━━━━━ Task inputs ━━━━━
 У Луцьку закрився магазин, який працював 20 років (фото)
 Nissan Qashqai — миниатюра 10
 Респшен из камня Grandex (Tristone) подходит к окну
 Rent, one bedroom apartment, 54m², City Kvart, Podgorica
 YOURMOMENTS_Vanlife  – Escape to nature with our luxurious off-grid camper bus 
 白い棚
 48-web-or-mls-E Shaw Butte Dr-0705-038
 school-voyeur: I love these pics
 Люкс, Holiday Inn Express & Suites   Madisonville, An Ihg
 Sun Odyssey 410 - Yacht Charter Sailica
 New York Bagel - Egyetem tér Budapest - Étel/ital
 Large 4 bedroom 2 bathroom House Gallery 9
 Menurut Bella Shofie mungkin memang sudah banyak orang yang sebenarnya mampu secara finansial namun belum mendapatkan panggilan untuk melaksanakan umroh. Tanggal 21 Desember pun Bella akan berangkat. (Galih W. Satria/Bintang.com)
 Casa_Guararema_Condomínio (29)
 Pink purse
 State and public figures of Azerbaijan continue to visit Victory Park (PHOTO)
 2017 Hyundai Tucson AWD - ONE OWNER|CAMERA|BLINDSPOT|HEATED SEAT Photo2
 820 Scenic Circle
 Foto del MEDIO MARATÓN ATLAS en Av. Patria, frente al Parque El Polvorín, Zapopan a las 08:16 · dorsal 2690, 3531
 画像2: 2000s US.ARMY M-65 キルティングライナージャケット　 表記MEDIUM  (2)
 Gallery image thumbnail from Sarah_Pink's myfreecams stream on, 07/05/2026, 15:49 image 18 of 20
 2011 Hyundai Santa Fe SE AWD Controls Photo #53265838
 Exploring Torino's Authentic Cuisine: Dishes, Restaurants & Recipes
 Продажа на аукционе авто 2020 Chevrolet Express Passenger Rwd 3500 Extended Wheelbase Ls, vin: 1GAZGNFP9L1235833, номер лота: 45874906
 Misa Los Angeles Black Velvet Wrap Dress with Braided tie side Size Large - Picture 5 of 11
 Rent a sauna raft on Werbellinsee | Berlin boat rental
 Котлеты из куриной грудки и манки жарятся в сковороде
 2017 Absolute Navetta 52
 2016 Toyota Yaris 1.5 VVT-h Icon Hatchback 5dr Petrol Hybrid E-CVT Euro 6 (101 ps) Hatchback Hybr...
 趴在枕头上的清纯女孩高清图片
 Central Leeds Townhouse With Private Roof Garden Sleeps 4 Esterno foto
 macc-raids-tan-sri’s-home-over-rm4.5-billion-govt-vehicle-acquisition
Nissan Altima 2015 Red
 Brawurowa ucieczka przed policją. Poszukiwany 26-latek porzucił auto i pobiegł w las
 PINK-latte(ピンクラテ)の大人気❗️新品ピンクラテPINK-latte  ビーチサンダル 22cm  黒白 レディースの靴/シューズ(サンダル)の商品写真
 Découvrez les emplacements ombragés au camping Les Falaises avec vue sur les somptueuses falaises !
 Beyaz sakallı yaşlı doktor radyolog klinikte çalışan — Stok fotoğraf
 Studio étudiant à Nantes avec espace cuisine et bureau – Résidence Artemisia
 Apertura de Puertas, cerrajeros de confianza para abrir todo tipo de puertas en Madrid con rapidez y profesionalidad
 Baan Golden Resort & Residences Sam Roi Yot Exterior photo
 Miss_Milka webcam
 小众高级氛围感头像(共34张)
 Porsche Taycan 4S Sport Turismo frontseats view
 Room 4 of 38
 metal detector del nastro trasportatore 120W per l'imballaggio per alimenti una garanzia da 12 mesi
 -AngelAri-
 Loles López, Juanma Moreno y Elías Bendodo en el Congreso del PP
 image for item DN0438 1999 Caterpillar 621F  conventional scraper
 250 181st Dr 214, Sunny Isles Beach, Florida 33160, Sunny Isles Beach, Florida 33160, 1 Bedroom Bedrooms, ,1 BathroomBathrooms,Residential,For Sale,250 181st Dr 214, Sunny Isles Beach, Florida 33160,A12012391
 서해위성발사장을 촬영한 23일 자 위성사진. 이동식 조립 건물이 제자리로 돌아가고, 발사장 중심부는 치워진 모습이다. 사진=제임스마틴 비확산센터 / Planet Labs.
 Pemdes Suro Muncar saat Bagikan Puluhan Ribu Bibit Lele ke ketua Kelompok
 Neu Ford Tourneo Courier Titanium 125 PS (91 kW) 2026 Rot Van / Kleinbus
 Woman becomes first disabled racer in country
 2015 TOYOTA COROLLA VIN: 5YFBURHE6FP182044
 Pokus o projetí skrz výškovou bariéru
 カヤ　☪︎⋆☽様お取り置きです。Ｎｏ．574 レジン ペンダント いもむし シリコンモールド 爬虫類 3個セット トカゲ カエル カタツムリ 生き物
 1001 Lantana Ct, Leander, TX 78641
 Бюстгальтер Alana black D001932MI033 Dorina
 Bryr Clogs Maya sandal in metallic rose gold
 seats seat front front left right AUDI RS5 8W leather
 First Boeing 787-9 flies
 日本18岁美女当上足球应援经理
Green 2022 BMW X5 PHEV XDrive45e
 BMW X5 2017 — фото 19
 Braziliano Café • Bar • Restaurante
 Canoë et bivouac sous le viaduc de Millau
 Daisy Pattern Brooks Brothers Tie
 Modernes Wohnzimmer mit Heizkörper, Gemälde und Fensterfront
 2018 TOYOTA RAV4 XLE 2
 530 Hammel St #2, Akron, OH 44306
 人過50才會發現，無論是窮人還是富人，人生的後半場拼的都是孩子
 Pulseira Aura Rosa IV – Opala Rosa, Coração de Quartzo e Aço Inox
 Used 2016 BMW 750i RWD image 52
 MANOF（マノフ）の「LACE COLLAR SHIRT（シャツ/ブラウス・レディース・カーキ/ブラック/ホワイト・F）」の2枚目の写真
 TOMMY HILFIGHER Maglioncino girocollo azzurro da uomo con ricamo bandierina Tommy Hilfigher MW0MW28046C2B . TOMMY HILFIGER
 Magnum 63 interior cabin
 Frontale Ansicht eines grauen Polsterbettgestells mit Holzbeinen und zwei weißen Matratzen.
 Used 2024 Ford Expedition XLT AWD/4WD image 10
━━━━━
→ **What you are asked to do**:
Now that the records have been shown, restate each one word for word.

→ **Answer**:
 У Луцьку закрився магазин, який працював 20 років (фото)
 Nissan Qashqai — миниатюра 10
 Респшен из камня Grandex (Tristone) подходит к окну
 Rent, one bedroom apartment, 54m², City Kvart, Podgorica
 YOURMOMENTS_Vanlife  – Escape to nature with our luxurious off-grid camper bus 
 白い棚
 48-web-or-mls-E Shaw Butte Dr-0705-038
 school-voyeur: I love these pics
 Люкс, Holiday Inn Express & Suites   Madisonville, An Ihg
 Sun Odyssey 410 - Yacht Charter Sailica
 New York Bagel - Egyetem tér Budapest - Étel/ital
 Large 4 bedroom 2 bathroom House Gallery 9
 Menurut Bella Shofie mungkin memang sudah banyak orang yang sebenarnya mampu secara finansial namun belum mendapatkan panggilan untuk melaksanakan umroh. Tanggal 21 Desember pun Bella akan berangkat. (Galih W. Satria/Bintang.com)
 Casa_Guararema_Condomínio (29)
 Pink purse
 State and public figures of Azerbaijan continue to visit Victory Park (PHOTO)
 2017 Hyundai Tucson AWD - ONE OWNER|CAMERA|BLINDSPOT|HEATED SEAT Photo2
 820 Scenic Circle
 Foto del MEDIO MARATÓN ATLAS en Av. Patria, frente al Parque El Polvorín, Zapopan a las 08:16 · dorsal 2690, 3531
 画像2: 2000s US.ARMY M-65 キルティングライナージャケット　 表記MEDIUM  (2)
 Gallery image thumbnail from Sarah_Pink's myfreecams stream on, 07/05/2026, 15:49 image 18 of 20
 2011 Hyundai Santa Fe SE AWD Controls Photo #53265838
 Exploring Torino's Authentic Cuisine: Dishes, Restaurants & Recipes
 Продажа на аукционе авто 2020 Chevrolet Express Passenger Rwd 3500 Extended Wheelbase Ls, vin: 1GAZGNFP9L1235833, номер лота: 45874906
 Misa Los Angeles Black Velvet Wrap Dress with Braided tie side Size Large - Picture 5 of 11
 Rent a sauna raft on Werbellinsee | Berlin boat rental
 Котлеты из куриной грудки и манки жарятся в сковороде
 2017 Absolute Navetta 52
 2016 Toyota Yaris 1.5 VVT-h Icon Hatchback 5dr Petrol Hybrid E-CVT Euro 6 (101 ps) Hatchback Hybr...
 趴在枕头上的清纯女孩高清图片
 Central Leeds Townhouse With Private Roof Garden Sleeps 4 Esterno foto
 macc-raids-tan-sri’s-home-over-rm4.5-billion-govt-vehicle-acquisition
Nissan Altima 2015 Red
 Brawurowa ucieczka przed policją. Poszukiwany 26-latek porzucił auto i pobiegł w las
 PINK-latte(ピンクラテ)の大人気❗️新品ピンクラテPINK-latte  ビーチサンダル 22cm  黒白 レディースの靴/シューズ(サンダル)の商品写真
 Découvrez les emplacements ombragés au camping Les Falaises avec vue sur les somptueuses falaises !
 Beyaz sakallı yaşlı doktor radyolog klinikte çalışan — Stok fotoğraf
 Studio étudiant à Nantes avec espace cuisine et bureau – Résidence Artemisia
 Apertura de Puertas, cerrajeros de confianza para abrir todo tipo de puertas en Madrid con rapidez y profesionalidad
 Baan Golden Resort & Residences Sam Roi Yot Exterior photo
 Miss_Milka webcam
 小众高级氛围感头像(共34张)
 Porsche Taycan 4S Sport Turismo frontseats view
 Room 4 of 38
 metal detector del nastro trasportatore 120W per l'imballaggio per alimenti una garanzia da 12 mesi
 -AngelAri-
 Loles López, Juanma Moreno y Elías Bendodo en el Congreso del PP
 image for item DN0438 1999 Caterpillar 621F  conventional scraper
 250 181st Dr 214, Sunny Isles Beach, Florida 33160, Sunny Isles Beach, Florida 33160, 1 Bedroom Bedrooms, ,1 BathroomBathrooms,Residential,For Sale,250 181st Dr 214, Sunny Isles Beach, Florida 33160,A12012391
 서해위성발사장을 촬영한 23일 자 위성사진. 이동식 조립 건물이 제자리로 돌아가고, 발사장 중심부는 치워진 모습이다. 사진=제임스마틴 비확산센터 / Planet Labs.
 Pemdes Suro Muncar saat Bagikan Puluhan Ribu Bibit Lele ke ketua Kelompok
 Neu Ford Tourneo Courier Titanium 125 PS (91 kW) 2026 Rot Van / Kleinbus
 Woman becomes first disabled racer in country
 2015 TOYOTA COROLLA VIN: 5YFBURHE6FP182044
 Pokus o projetí skrz výškovou bariéru
 カヤ　☪︎⋆☽様お取り置きです。Ｎｏ．574 レジン ペンダント いもむし シリコンモールド 爬虫類 3個セット トカゲ カエル カタツムリ 生き物
 1001 Lantana Ct, Leander, TX 78641
 Бюстгальтер Alana black D001932MI033 Dorina
 Bryr Clogs Maya sandal in metallic rose gold
 seats seat front front left right AUDI RS5 8W leather
 First Boeing 787-9 flies
 日本18岁美女当上足球应援经理
Green 2022 BMW X5 PHEV XDrive45e
 BMW X5 2017 — фото 19
 Braziliano Café • Bar • Restaurante
 Canoë et bivouac sous le viaduc de Millau
 Daisy Pattern Brooks Brothers Tie
 Modernes Wohnzimmer mit Heizkörper, Gemälde und Fensterfront
 2018 TOYOTA RAV4 XLE 2
 530 Hammel St #2, Akron, OH 44306
 人過50才會發現，無論是窮人還是富人，人生的後半場拼的都是孩子
 Pulseira Aura Rosa IV – Opala Rosa, Coração de Quartzo e Aço Inox
 Used 2016 BMW 750i RWD image 52
 MANOF（マノフ）の「LACE COLLAR SHIRT（シャツ/ブラウス・レディース・カーキ/ブラック/ホワイト・F）」の2枚目の写真
 TOMMY HILFIGHER Maglioncino girocollo azzurro da uomo con ricamo bandierina Tommy Hilfigher MW0MW28046C2B . TOMMY HILFIGER
 Magnum 63 interior cabin
 Frontale Ansicht eines grauen Polsterbettgestells mit Holzbeinen und zwei weißen Matratzen.
 Used 2024 Ford Expedition XLT AWD/4WD image 10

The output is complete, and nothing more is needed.